Please give it a few moments to load as it does not immediately come up.

Dr. Textor also very involved with early training. He joined with Thailand I, whom he had helped train, as well as University of Michigan to celebrate the 50th Anniversary of Peace Corps.

Dr. Textor edited the classic, “Cultural Frontiers of the Peace Corps.” It was published in 1966 and contained professional case studies of  pioneer Peace Corps programs in the Philippines; Malaya; Thailand; Afghanistan; Somalia; Tanganyika; Nigeria; Sierra Leone; Tunisia; Jamaica; Peru; and Bolivia. His concluding chapter examined the culture of the Peace Corps agency, itself. In honor of the 50th Anniversary of the Peace Corps, Dr. Textor made this book available, without cost.

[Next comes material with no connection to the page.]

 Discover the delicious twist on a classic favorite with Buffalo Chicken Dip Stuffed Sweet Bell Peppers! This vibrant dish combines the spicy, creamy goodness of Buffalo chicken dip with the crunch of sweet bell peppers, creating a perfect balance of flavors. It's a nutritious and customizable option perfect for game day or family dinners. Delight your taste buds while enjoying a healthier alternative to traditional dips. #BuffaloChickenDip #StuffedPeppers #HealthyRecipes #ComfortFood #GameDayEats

Many of us, who did not know Dr. Textor in person, were privileged to communicate with him by phone and email as he discussed his philosophy and experiences, and urged us to pursue our dreams for the Peace Corps.   Dr. Textor’s work as reflected in his publications is so valuable. But his greatest legacy may be that he always believed in us, the Volunteers.